Determining server liveness

There are two distinct parts to determining server liveness: data collection and decision making. Server liveness data is collected using a process called servermonitor that is running on liveness testing agents. Liveness scores are sent from the liveness testing agents to a component called DatacenterStateAgent (DSA) every ten seconds. DSA makes the liveness decisions, and sends updates to GTM nameservers every five seconds.

Each liveness testing agent periodically performs one or more liveness tests on each of your servers. The liveness testing agent then computes a score that is either the download time in seconds or a penalty score if the download request times out or if the download encounters an error such a 404 error. The default penalty for a timeout is 25 and the default penalty for an error is 75. These penalties are configurable on the back-end. The time to allow before declaring a timeout (by default, 25 seconds) is configurable in the portal (see the Liveness Test section).

Note: Connection timeouts are treated as errors (penalty 75), not timeouts. Only timeouts that occur in the data transfer stage receive the timeout penalty (25). This prevents servers that are disconnected or shut off from being preferred over servers that are returning errors or refusing connections.

The scores are collected from each liveness testing agent; for each server, the median of the scores from all liveness testing agents is used for the remainder of the calculation.

In addition to the instantaneous scores, servermonitor also computes and reports an exponentially-decaying average. In the calculation that follows, the score used is the greater of the instantaneous score and the average score. This means that when a server goes down, GTM stops handing it out immediately, but when it comes back up, GTM does not hand it out again until the liveness testing agents have had several successful downloads. If a server is intermittent, it will be declared down when several liveness testing agents get errors within a few minutes of each other. While some of the averages are falling, they will still be above the cutoff when the new errors occur.

A cutoff value is computed from the median scores. Any server with a score over the cutoff value will be considered dead, and load will not be sent to it. The cutoff is computed from the minimum score across all servers (for a given property) and with two parameters; health_multiplier and health_threshold. The cutoff is either health_multiplier (default value: 1.5) times the minimum score or the health_threshold (default value: 4), whichever is greater.

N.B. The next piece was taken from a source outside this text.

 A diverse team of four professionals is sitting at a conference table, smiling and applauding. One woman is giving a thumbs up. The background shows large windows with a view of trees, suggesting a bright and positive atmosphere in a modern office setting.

The following examples describe how the cutoff is determined.

Example 1

In this example (Table 16), server A has the best score of 1.0 seconds so the cutoff is 4. As discussed above, the cutoff is 1.5 times the best score or 4, whichever is greater. Servers A, B, and C are declared up, while server D is declared down, as its score (15) is greater than 4.

Example 1
Server Score Status Cutoff
A 1.0 Up 4
B 1.2 Up
C 3.0 Up
D 15 Down
Example 2

This example (Table 17) shows a high load situation, where the servers are slow, but still responding. Server A has the best score of 8 seconds so the cutoff is 12 (1.5 * 8). Servers A, B, and D are declared up, while server C is declared down, as its score (15) is greater than 12.

Example 2
Server Score Status Cutoff
A 8 Up 12
B 11 Up
C 15 Down
D 10 Up
Example 3

This example (Table 18) server A has the best score of 25 seconds so the cutoff is 37.5 (25 * 1.5). Server A is declared up, while servers B, C, and D are declared down, as their scores are greater than 37.5.

Example 3
Server Score Status Cutoff
A 25 (timeout Up 37.5
B 75 (error) Down
C 75 (error) Down
D 75 (error) Down

The algorithm is modified slightly if a backup CNAME exists. If the cutoff score computed as described above is greater than 0.9 times the timeout penalty, use 0.9 times the timeout penalty as the cutoff value. This is to guarantee that, if all servers are timing out or returning errors, GTM declares them down so that the backup CNAME is handed out. (Normally if all servers are timing out or returning errors, the standard algorithm declares them all up so that they're handed out; you don't want this if there's a backup CNAME).